There is no common practise as far as I can tell and different publications used different approaches. You can look for instance over this abstract to see how it is applied in sciences.

(1) seems that your algorithm selects items "with replacement" as it can select the same non-cohort item twice for every cohort item;

Yes, this small example does this. In the research project I was working on, however, I ensured a strict 1:1 match without repetitions. You can easily implement it by throwing out a control you already used. Additionally, don't use the nearest without comparing the difference of the p-score as I explained above.

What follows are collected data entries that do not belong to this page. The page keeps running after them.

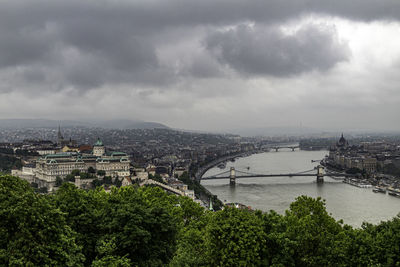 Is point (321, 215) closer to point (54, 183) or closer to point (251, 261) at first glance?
point (251, 261)

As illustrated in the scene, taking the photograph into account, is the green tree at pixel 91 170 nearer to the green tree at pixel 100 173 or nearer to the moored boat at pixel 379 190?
the green tree at pixel 100 173

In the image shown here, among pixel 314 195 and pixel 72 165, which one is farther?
pixel 72 165

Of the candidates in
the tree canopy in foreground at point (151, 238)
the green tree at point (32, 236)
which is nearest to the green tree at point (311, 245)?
the tree canopy in foreground at point (151, 238)

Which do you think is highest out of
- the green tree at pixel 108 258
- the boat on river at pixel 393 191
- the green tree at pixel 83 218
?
the green tree at pixel 83 218

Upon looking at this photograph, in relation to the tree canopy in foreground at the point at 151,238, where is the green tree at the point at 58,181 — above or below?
below

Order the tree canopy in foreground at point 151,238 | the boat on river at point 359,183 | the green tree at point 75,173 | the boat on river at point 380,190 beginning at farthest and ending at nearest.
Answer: the boat on river at point 359,183, the boat on river at point 380,190, the green tree at point 75,173, the tree canopy in foreground at point 151,238

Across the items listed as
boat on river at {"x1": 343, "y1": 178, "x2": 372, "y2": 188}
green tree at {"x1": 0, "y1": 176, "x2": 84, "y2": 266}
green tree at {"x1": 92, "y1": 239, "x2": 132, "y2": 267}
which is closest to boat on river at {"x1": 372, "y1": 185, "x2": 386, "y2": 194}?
boat on river at {"x1": 343, "y1": 178, "x2": 372, "y2": 188}

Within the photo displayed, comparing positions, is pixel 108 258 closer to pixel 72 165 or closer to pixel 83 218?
pixel 83 218

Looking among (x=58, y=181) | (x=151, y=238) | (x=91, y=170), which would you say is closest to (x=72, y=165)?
(x=91, y=170)

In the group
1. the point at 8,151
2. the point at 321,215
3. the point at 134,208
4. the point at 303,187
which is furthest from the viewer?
the point at 8,151

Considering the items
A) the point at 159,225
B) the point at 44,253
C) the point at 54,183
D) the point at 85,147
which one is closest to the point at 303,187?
the point at 54,183

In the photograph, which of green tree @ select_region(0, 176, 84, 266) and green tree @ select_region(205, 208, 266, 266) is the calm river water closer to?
green tree @ select_region(205, 208, 266, 266) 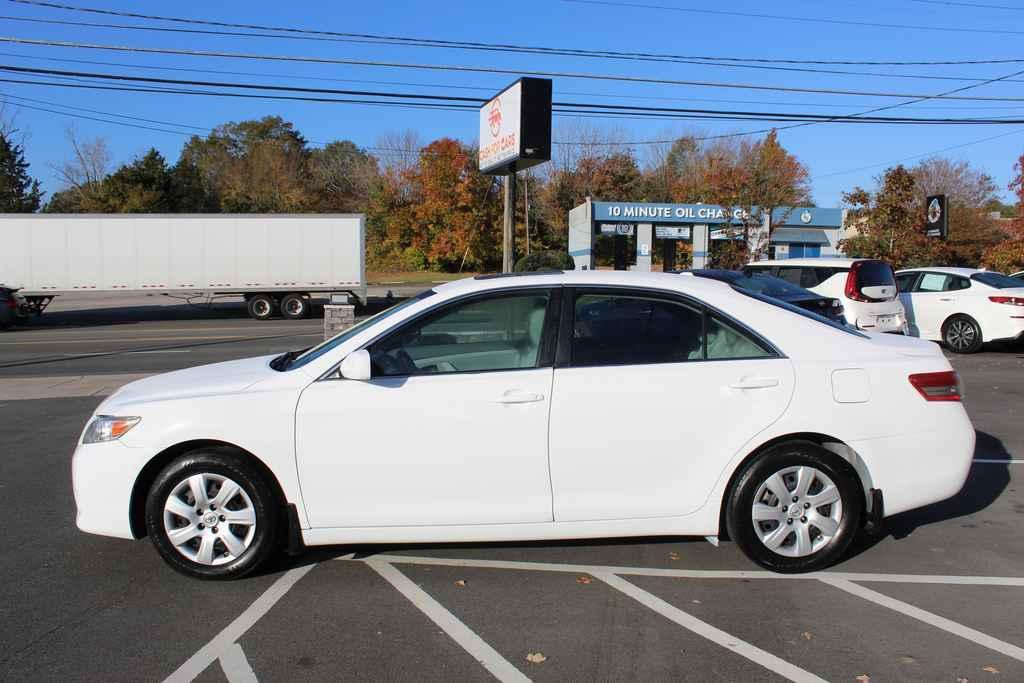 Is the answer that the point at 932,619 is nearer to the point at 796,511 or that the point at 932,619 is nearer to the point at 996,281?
the point at 796,511

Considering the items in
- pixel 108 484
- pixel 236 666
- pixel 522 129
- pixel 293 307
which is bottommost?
pixel 236 666

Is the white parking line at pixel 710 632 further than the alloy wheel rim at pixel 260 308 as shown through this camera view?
No

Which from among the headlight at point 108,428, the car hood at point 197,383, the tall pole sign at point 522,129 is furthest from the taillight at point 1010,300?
the headlight at point 108,428

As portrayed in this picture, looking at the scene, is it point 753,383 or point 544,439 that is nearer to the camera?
point 544,439

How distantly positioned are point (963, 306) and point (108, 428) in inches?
559

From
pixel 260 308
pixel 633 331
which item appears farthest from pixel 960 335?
pixel 260 308

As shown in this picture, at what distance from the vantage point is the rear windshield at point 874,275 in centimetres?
1337

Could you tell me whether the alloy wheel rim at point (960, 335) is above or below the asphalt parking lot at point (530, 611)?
above

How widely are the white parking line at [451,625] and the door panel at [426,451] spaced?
1.20 feet

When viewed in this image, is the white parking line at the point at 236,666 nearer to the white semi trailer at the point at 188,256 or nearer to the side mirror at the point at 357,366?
the side mirror at the point at 357,366

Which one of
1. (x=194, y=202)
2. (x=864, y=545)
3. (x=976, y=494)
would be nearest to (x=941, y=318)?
(x=976, y=494)

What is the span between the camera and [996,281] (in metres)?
14.4

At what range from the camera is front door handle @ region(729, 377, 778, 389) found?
444 cm

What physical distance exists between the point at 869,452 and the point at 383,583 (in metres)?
2.71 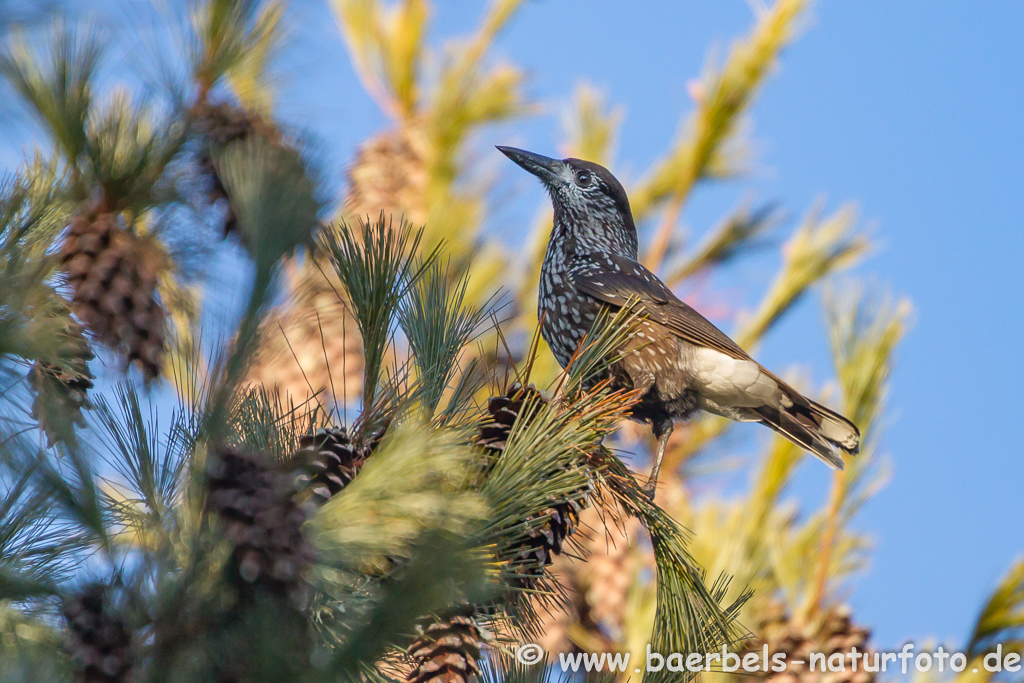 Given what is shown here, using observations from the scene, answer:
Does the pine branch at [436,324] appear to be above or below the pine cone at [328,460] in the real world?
above

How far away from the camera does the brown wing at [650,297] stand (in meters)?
3.04

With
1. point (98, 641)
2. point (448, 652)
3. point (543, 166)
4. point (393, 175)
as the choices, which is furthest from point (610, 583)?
point (98, 641)

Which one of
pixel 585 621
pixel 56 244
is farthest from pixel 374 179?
pixel 56 244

(2) how would I know how much I can sample before similarities run out? Where's the limitation on the size of the sample?

It depends on the size, the distribution of your non-cohort and of course how good your cohort lies inside the distribution of your non-cohort. If your non-cohort doesn't have patients above 50, while your cohort only contains ages 60-70, this approach will not work at all. The underlying assumption is to have a large non-cohort compared to the cohort group.

Finally, I want to stress the fact that p-score matching is a simple, but not the best way to do it. It seems to me that it is so widely used because of its simplicity and because medical researchers usually don't have a statistician at hand. It's a bit like the infectious widely misused significance level. I'm sure our statistical expert JimB could elaborate on better alternatives.


Hopeffully this will work for you:

First I will generate some data that looks like yours

Dist =  SplicedDistribution[{3/5, 2/5}, {0,50, \[Infinity]}, {UniformDistribution[{0,50}],NormalDistribution[60, 15]}];

data1 = Sort[RandomVariate[Dist, 50000]];
data2 = Sort[RandomVariate[WeibullDistribution[7, 75], 50000]];

The Histogram looks like

 Histogram[{data1, data2}, {1}]

histogram data

Since age is only integers we will group our data and calculate the PMF. The PMF is important because it will give us the weights that we will use in our random sampling. Then we generate a binned list of data1, replace it by ones and multiply by the PMF to obtain the weights.

cases2 = BinCounts[data2, {0, 120, 1}];
pmf2 = cases2/Total[cases2];
list = BinLists[data1, {0, 120, 1}];
func[x_] := 1;
ones = Map[func, list, {2}];
weights = Flatten[ones*pmf2]

Now you sample data1 with the corresponding weights:

sample = RandomSample [weigths -> data1, 3000];
Histogram [sample, {1}]

enter image description here

It`s not perfect, but still similar to our cohort distribution.